=== REQUIREMENT ===
Return the entries in full, exactly as written.

*** SOURCE MATERIAL ***

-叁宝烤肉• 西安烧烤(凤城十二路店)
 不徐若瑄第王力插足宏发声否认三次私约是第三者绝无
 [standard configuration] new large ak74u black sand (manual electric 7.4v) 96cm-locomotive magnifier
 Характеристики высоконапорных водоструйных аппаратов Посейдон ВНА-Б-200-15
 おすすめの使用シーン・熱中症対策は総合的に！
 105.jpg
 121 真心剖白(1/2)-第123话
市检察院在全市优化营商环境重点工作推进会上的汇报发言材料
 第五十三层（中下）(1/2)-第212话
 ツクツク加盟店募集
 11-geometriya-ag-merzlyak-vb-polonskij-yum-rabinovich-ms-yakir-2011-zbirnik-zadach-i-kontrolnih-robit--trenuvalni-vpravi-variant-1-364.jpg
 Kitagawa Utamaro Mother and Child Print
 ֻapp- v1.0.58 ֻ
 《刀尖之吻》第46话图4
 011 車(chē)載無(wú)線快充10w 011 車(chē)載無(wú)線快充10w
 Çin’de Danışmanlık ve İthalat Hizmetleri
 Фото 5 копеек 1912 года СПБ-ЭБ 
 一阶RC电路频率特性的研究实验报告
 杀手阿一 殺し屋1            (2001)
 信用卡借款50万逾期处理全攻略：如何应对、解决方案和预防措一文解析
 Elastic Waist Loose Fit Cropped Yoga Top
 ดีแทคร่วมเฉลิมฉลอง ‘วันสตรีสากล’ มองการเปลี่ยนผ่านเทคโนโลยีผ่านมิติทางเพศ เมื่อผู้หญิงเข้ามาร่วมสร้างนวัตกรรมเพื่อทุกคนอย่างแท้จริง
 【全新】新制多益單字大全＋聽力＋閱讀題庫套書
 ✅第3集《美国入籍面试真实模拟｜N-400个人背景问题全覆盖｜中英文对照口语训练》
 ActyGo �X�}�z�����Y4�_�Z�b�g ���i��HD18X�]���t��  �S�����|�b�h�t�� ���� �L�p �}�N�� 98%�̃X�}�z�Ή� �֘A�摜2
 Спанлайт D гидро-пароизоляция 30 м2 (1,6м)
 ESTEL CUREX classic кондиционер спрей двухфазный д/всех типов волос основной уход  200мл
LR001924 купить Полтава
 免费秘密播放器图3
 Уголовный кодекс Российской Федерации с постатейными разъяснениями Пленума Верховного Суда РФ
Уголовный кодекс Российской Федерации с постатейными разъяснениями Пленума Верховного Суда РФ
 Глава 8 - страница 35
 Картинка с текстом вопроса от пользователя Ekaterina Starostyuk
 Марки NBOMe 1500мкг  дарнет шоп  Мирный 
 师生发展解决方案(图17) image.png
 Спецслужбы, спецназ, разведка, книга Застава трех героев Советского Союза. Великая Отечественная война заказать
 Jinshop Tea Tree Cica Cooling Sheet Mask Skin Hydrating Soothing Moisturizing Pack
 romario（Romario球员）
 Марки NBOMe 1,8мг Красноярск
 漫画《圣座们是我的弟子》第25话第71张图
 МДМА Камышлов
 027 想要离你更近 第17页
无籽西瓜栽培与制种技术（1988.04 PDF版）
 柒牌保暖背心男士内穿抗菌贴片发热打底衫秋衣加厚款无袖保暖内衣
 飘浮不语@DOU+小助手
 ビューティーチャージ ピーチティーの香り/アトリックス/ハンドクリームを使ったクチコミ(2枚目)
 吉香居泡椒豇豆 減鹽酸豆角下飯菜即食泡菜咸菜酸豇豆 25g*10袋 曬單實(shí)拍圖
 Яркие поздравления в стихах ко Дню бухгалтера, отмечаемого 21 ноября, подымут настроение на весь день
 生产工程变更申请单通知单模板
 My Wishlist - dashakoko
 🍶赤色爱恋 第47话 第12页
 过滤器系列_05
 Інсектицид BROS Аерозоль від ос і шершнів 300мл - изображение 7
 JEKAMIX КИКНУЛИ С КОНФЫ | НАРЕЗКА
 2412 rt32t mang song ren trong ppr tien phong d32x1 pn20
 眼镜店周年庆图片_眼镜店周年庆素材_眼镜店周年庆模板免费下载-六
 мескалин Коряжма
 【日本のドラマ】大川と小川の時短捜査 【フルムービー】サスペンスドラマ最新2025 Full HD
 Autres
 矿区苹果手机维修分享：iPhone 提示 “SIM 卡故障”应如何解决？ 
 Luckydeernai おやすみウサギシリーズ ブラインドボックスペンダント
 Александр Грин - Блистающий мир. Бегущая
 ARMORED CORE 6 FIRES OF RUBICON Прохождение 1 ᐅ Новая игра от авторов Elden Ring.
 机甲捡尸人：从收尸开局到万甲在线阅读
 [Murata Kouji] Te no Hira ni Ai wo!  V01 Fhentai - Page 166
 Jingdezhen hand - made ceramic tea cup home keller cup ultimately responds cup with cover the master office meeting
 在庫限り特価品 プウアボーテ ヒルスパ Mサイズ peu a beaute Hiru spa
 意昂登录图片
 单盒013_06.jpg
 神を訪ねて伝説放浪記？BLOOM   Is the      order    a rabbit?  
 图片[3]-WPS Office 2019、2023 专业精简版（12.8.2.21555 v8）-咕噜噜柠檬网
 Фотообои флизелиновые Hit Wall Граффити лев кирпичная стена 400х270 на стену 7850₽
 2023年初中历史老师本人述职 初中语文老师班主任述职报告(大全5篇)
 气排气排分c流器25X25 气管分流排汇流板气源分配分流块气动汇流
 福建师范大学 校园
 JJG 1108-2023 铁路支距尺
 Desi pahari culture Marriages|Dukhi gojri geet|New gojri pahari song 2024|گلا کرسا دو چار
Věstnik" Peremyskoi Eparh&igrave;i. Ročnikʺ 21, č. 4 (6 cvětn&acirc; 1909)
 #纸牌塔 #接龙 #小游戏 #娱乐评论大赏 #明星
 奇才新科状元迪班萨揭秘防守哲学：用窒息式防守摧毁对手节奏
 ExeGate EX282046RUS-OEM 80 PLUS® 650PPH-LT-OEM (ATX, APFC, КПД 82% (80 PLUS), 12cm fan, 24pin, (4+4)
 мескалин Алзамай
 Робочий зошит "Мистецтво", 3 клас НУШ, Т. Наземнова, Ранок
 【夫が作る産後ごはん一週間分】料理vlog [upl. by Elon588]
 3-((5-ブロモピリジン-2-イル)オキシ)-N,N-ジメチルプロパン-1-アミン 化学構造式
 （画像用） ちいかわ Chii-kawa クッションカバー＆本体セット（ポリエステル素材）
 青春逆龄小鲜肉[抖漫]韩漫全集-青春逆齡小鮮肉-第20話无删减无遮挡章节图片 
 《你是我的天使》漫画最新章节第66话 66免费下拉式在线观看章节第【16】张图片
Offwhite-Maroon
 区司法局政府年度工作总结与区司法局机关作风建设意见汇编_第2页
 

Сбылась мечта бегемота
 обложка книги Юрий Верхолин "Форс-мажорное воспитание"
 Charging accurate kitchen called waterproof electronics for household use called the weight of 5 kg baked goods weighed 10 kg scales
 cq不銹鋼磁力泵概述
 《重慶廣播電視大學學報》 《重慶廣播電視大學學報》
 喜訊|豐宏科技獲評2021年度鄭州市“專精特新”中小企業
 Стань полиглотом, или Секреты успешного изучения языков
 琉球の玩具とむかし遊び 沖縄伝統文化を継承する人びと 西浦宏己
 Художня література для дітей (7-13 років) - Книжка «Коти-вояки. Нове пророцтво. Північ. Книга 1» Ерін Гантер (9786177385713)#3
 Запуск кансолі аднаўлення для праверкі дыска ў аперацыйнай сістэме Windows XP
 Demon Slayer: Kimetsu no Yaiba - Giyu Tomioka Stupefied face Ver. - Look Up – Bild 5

*** End of SOURCE MATERIAL ***

=== ANSWER FOR THIS EXERCISE ===
-叁宝烤肉• 西安烧烤(凤城十二路店)
 不徐若瑄第王力插足宏发声否认三次私约是第三者绝无
 [standard configuration] new large ak74u black sand (manual electric 7.4v) 96cm-locomotive magnifier
 Характеристики высоконапорных водоструйных аппаратов Посейдон ВНА-Б-200-15
 おすすめの使用シーン・熱中症対策は総合的に！
 105.jpg
 121 真心剖白(1/2)-第123话
市检察院在全市优化营商环境重点工作推进会上的汇报发言材料
 第五十三层（中下）(1/2)-第212话
 ツクツク加盟店募集
 11-geometriya-ag-merzlyak-vb-polonskij-yum-rabinovich-ms-yakir-2011-zbirnik-zadach-i-kontrolnih-robit--trenuvalni-vpravi-variant-1-364.jpg
 Kitagawa Utamaro Mother and Child Print
 ֻapp- v1.0.58 ֻ
 《刀尖之吻》第46话图4
 011 車(chē)載無(wú)線快充10w 011 車(chē)載無(wú)線快充10w
 Çin’de Danışmanlık ve İthalat Hizmetleri
 Фото 5 копеек 1912 года СПБ-ЭБ 
 一阶RC电路频率特性的研究实验报告
 杀手阿一 殺し屋1            (2001)
 信用卡借款50万逾期处理全攻略：如何应对、解决方案和预防措一文解析
 Elastic Waist Loose Fit Cropped Yoga Top
 ดีแทคร่วมเฉลิมฉลอง ‘วันสตรีสากล’ มองการเปลี่ยนผ่านเทคโนโลยีผ่านมิติทางเพศ เมื่อผู้หญิงเข้ามาร่วมสร้างนวัตกรรมเพื่อทุกคนอย่างแท้จริง
 【全新】新制多益單字大全＋聽力＋閱讀題庫套書
 ✅第3集《美国入籍面试真实模拟｜N-400个人背景问题全覆盖｜中英文对照口语训练》
 ActyGo �X�}�z�����Y4�_�Z�b�g ���i��HD18X�]���t��  �S�����|�b�h�t�� ���� �L�p �}�N�� 98%�̃X�}�z�Ή� �֘A�摜2
 Спанлайт D гидро-пароизоляция 30 м2 (1,6м)
 ESTEL CUREX classic кондиционер спрей двухфазный д/всех типов волос основной уход  200мл
LR001924 купить Полтава
 免费秘密播放器图3
 Уголовный кодекс Российской Федерации с постатейными разъяснениями Пленума Верховного Суда РФ
Уголовный кодекс Российской Федерации с постатейными разъяснениями Пленума Верховного Суда РФ
 Глава 8 - страница 35
 Картинка с текстом вопроса от пользователя Ekaterina Starostyuk
 Марки NBOMe 1500мкг  дарнет шоп  Мирный 
 师生发展解决方案(图17) image.png
 Спецслужбы, спецназ, разведка, книга Застава трех героев Советского Союза. Великая Отечественная война заказать
 Jinshop Tea Tree Cica Cooling Sheet Mask Skin Hydrating Soothing Moisturizing Pack
 romario（Romario球员）
 Марки NBOMe 1,8мг Красноярск
 漫画《圣座们是我的弟子》第25话第71张图
 МДМА Камышлов
 027 想要离你更近 第17页
无籽西瓜栽培与制种技术（1988.04 PDF版）
 柒牌保暖背心男士内穿抗菌贴片发热打底衫秋衣加厚款无袖保暖内衣
 飘浮不语@DOU+小助手
 ビューティーチャージ ピーチティーの香り/アトリックス/ハンドクリームを使ったクチコミ(2枚目)
 吉香居泡椒豇豆 減鹽酸豆角下飯菜即食泡菜咸菜酸豇豆 25g*10袋 曬單實(shí)拍圖
 Яркие поздравления в стихах ко Дню бухгалтера, отмечаемого 21 ноября, подымут настроение на весь день
 生产工程变更申请单通知单模板
 My Wishlist - dashakoko
 🍶赤色爱恋 第47话 第12页
 过滤器系列_05
 Інсектицид BROS Аерозоль від ос і шершнів 300мл - изображение 7
 JEKAMIX КИКНУЛИ С КОНФЫ | НАРЕЗКА
 2412 rt32t mang song ren trong ppr tien phong d32x1 pn20
 眼镜店周年庆图片_眼镜店周年庆素材_眼镜店周年庆模板免费下载-六
 мескалин Коряжма
 【日本のドラマ】大川と小川の時短捜査 【フルムービー】サスペンスドラマ最新2025 Full HD
 Autres
 矿区苹果手机维修分享：iPhone 提示 “SIM 卡故障”应如何解决？ 
 Luckydeernai おやすみウサギシリーズ ブラインドボックスペンダント
 Александр Грин - Блистающий мир. Бегущая
 ARMORED CORE 6 FIRES OF RUBICON Прохождение 1 ᐅ Новая игра от авторов Elden Ring.
 机甲捡尸人：从收尸开局到万甲在线阅读
 [Murata Kouji] Te no Hira ni Ai wo!  V01 Fhentai - Page 166
 Jingdezhen hand - made ceramic tea cup home keller cup ultimately responds cup with cover the master office meeting
 在庫限り特価品 プウアボーテ ヒルスパ Mサイズ peu a beaute Hiru spa
 意昂登录图片
 单盒013_06.jpg
 神を訪ねて伝説放浪記？BLOOM   Is the      order    a rabbit?  
 图片[3]-WPS Office 2019、2023 专业精简版（12.8.2.21555 v8）-咕噜噜柠檬网
 Фотообои флизелиновые Hit Wall Граффити лев кирпичная стена 400х270 на стену 7850₽
 2023年初中历史老师本人述职 初中语文老师班主任述职报告(大全5篇)
 气排气排分c流器25X25 气管分流排汇流板气源分配分流块气动汇流
 福建师范大学 校园
 JJG 1108-2023 铁路支距尺
 Desi pahari culture Marriages|Dukhi gojri geet|New gojri pahari song 2024|گلا کرسا دو چار
Věstnik" Peremyskoi Eparh&igrave;i. Ročnikʺ 21, č. 4 (6 cvětn&acirc; 1909)
 #纸牌塔 #接龙 #小游戏 #娱乐评论大赏 #明星
 奇才新科状元迪班萨揭秘防守哲学：用窒息式防守摧毁对手节奏
 ExeGate EX282046RUS-OEM 80 PLUS® 650PPH-LT-OEM (ATX, APFC, КПД 82% (80 PLUS), 12cm fan, 24pin, (4+4)
 мескалин Алзамай
 Робочий зошит "Мистецтво", 3 клас НУШ, Т. Наземнова, Ранок
 【夫が作る産後ごはん一週間分】料理vlog [upl. by Elon588]
 3-((5-ブロモピリジン-2-イル)オキシ)-N,N-ジメチルプロパン-1-アミン 化学構造式
 （画像用） ちいかわ Chii-kawa クッションカバー＆本体セット（ポリエステル素材）
 青春逆龄小鲜肉[抖漫]韩漫全集-青春逆齡小鮮肉-第20話无删减无遮挡章节图片 
 《你是我的天使》漫画最新章节第66话 66免费下拉式在线观看章节第【16】张图片
Offwhite-Maroon
 区司法局政府年度工作总结与区司法局机关作风建设意见汇编_第2页
 

Сбылась мечта бегемота
 обложка книги Юрий Верхолин "Форс-мажорное воспитание"
 Charging accurate kitchen called waterproof electronics for household use called the weight of 5 kg baked goods weighed 10 kg scales
 cq不銹鋼磁力泵概述
 《重慶廣播電視大學學報》 《重慶廣播電視大學學報》
 喜訊|豐宏科技獲評2021年度鄭州市“專精特新”中小企業
 Стань полиглотом, или Секреты успешного изучения языков
 琉球の玩具とむかし遊び 沖縄伝統文化を継承する人びと 西浦宏己
 Художня література для дітей (7-13 років) - Книжка «Коти-вояки. Нове пророцтво. Північ. Книга 1» Ерін Гантер (9786177385713)#3
 Запуск кансолі аднаўлення для праверкі дыска ў аперацыйнай сістэме Windows XP
 Demon Slayer: Kimetsu no Yaiba - Giyu Tomioka Stupefied face Ver. - Look Up – Bild 5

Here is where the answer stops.